Tackle the expressive phrasing and minor pentatonic tricks of one of rock's finest guitarists, David Gilmour (opens in new tab).
At the heart of David Gilmour's playing is some very soulful blues vocabulary with precise string bending, awareness of space and rests, lyrical vibrato and excellent intonation. His famous two-step two-tone bend can be heard on anything from Shine On You Crazy Diamond to Another Brick In The Wall (Part II).
Bluesy diads, slides and quarter-tone blues curls are evident in tracks such as Money and Comfortably Numb. David's smooth and perfectly-intonated bends are present in almost every solo, but particularly good examples that use a nice wash of delay can be heard in What Do You Want From Me and Hey You.
Pre-bends and slides
The key here is not bending too sharp. The bends should sound lazy and slightly out of tune to create a laid-back bluesy tension over the D minor backing.
Homage to the kings
David borrows typical blues phrasing from greats such as BB King and Albert King. The blues lick starts an eighth note before the first full bar of music.
Try rotating your fret hand to the side to execute the quarter-tone bend. The rest of the notes come from the D minor pentatonic scale.
Three-semitone bend lick
Practise the three-semitone bend by fretting the 18th-fret second-string F note first. This will attune your ear to the target pitch.
Two-step two-tone lick
Gilmour's trademark bend is played in two stages. First, bend up a full tone, then release slightly just before the final push up to the full two tones.

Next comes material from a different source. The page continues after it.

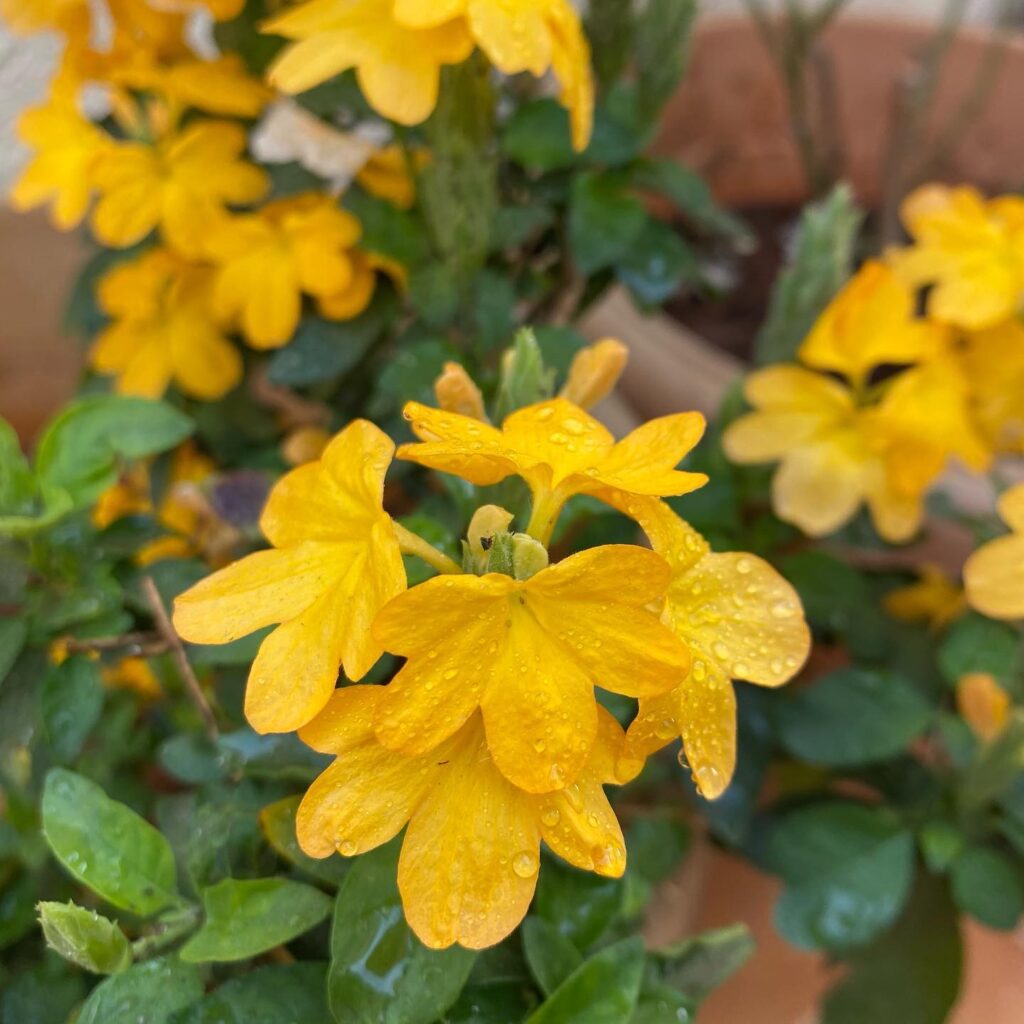 yellow Crossandra firecracker flower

Try hybrid picking if you're getting note bleed between the two strings: pick the second string with your pick and the first string with a finger.
Rake and high bend
The typical blues/jazz rake spells out a D minor arpeggio and still stays within the familiar territory of a minor pentatonic 'box' shape.
Using multiple positions
Getting comfortable with Gilmour's use of multiple scale positions will further your understanding and freedom in terms of improvising.